WORK INSTRUCTION
Could you write out the opening lines of the data, word for word, stopping after the line that contains "American Flag Spring"?

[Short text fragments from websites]
Start of Block

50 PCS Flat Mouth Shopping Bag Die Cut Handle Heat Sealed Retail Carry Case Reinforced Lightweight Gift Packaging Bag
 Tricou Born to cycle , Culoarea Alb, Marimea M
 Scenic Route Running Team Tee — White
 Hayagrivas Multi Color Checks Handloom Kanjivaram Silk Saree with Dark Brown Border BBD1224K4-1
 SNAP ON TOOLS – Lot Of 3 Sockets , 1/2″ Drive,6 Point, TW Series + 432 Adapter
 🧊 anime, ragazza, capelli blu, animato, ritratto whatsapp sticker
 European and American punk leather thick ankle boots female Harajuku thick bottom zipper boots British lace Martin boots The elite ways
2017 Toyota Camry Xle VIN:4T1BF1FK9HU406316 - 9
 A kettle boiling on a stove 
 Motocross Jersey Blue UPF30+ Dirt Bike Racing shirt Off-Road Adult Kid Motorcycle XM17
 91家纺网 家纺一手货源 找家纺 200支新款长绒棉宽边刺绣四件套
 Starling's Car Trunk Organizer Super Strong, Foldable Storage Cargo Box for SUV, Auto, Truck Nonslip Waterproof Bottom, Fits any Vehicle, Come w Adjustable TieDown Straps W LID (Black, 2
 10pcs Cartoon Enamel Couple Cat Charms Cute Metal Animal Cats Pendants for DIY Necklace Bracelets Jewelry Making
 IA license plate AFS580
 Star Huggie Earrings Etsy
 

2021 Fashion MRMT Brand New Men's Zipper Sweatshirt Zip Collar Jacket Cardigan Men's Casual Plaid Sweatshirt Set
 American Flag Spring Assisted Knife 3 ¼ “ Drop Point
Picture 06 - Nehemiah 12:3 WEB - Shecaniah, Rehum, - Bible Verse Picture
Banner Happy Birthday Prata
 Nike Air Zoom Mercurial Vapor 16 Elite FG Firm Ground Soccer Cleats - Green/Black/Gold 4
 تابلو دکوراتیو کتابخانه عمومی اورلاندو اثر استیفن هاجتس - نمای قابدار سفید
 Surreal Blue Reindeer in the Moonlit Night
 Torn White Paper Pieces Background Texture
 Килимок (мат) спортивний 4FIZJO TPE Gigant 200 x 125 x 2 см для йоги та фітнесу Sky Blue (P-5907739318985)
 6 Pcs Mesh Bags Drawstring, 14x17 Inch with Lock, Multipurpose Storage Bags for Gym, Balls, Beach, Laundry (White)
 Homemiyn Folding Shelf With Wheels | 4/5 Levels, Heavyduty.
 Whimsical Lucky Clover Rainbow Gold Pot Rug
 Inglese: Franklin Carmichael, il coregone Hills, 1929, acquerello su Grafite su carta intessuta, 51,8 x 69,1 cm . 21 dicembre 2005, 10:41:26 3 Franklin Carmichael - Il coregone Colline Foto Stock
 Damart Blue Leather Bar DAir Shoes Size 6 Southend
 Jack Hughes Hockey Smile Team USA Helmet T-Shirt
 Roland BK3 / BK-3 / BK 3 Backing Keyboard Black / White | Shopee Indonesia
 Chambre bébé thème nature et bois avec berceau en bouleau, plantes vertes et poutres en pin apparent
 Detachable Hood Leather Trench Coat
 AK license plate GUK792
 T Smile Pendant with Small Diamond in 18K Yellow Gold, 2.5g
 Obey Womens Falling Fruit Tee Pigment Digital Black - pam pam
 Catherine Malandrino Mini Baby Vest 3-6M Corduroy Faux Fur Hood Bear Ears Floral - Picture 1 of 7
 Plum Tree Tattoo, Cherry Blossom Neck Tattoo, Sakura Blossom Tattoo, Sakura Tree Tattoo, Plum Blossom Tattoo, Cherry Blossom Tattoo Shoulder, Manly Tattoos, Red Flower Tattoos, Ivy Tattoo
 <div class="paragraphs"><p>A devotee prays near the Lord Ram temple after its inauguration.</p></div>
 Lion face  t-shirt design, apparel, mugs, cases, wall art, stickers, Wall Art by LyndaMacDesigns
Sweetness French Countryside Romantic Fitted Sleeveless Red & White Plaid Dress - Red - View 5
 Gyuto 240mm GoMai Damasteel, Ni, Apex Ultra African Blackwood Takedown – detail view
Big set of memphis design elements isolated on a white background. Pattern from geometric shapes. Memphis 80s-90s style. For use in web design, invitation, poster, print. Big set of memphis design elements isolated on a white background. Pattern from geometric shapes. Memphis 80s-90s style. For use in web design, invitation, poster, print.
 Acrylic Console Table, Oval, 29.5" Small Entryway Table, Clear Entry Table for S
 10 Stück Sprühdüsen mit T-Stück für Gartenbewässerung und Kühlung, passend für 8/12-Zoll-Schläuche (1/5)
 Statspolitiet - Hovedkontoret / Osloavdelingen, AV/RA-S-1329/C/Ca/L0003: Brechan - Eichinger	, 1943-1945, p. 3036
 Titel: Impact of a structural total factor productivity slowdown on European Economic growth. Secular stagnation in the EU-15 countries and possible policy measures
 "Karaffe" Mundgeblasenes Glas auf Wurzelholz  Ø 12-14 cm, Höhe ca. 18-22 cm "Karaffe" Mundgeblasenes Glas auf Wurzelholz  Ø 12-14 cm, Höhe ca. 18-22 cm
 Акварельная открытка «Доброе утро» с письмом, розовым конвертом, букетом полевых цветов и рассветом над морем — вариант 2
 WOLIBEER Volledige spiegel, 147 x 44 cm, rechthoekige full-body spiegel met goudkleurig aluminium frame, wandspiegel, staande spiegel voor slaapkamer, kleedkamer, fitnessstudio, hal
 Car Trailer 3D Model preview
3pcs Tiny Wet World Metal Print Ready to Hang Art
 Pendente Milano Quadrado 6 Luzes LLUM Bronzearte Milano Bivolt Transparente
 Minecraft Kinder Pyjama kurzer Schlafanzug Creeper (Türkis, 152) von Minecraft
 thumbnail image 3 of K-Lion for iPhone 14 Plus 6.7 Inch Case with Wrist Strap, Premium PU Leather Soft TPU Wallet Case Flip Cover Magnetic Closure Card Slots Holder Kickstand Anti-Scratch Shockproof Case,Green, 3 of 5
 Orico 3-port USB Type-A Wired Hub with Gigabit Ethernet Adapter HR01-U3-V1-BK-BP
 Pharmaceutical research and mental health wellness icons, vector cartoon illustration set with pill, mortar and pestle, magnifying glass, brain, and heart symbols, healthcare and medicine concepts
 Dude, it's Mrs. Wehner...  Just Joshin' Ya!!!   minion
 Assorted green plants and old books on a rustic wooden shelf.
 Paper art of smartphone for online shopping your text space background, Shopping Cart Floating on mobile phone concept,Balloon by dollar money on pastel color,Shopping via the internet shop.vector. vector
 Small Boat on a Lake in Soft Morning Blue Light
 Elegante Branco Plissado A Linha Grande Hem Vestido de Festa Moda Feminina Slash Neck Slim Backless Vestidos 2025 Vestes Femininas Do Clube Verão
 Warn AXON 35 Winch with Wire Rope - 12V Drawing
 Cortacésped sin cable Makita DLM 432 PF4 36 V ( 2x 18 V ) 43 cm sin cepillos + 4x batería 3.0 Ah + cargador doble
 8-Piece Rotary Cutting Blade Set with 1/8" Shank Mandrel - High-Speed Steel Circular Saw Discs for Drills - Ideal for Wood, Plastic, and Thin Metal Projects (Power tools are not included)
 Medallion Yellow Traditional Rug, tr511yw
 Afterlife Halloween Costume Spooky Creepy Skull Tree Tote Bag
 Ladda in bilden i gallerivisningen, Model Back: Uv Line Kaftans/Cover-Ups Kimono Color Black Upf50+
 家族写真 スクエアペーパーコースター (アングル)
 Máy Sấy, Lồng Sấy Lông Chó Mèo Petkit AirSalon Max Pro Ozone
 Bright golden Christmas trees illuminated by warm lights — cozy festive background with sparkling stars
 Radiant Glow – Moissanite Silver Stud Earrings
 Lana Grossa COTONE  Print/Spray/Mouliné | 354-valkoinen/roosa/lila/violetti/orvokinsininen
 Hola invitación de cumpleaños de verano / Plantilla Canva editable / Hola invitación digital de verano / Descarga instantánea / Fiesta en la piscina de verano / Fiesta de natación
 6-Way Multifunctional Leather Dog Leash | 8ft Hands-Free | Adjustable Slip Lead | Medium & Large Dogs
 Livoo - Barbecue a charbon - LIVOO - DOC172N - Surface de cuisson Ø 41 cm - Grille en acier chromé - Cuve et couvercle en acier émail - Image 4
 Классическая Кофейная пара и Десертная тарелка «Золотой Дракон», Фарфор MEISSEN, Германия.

End of Block

WRITTEN SOLUTION
50 PCS Flat Mouth Shopping Bag Die Cut Handle Heat Sealed Retail Carry Case Reinforced Lightweight Gift Packaging Bag
 Tricou Born to cycle , Culoarea Alb, Marimea M
 Scenic Route Running Team Tee — White
 Hayagrivas Multi Color Checks Handloom Kanjivaram Silk Saree with Dark Brown Border BBD1224K4-1
 SNAP ON TOOLS – Lot Of 3 Sockets , 1/2″ Drive,6 Point, TW Series + 432 Adapter
 🧊 anime, ragazza, capelli blu, animato, ritratto whatsapp sticker
 European and American punk leather thick ankle boots female Harajuku thick bottom zipper boots British lace Martin boots The elite ways
2017 Toyota Camry Xle VIN:4T1BF1FK9HU406316 - 9
 A kettle boiling on a stove 
 Motocross Jersey Blue UPF30+ Dirt Bike Racing shirt Off-Road Adult Kid Motorcycle XM17
 91家纺网 家纺一手货源 找家纺 200支新款长绒棉宽边刺绣四件套
 Starling's Car Trunk Organizer Super Strong, Foldable Storage Cargo Box for SUV, Auto, Truck Nonslip Waterproof Bottom, Fits any Vehicle, Come w Adjustable TieDown Straps W LID (Black, 2
 10pcs Cartoon Enamel Couple Cat Charms Cute Metal Animal Cats Pendants for DIY Necklace Bracelets Jewelry Making
 IA license plate AFS580
 Star Huggie Earrings Etsy
 

2021 Fashion MRMT Brand New Men's Zipper Sweatshirt Zip Collar Jacket Cardigan Men's Casual Plaid Sweatshirt Set
 American Flag Spring Assisted Knife 3 ¼ “ Drop Point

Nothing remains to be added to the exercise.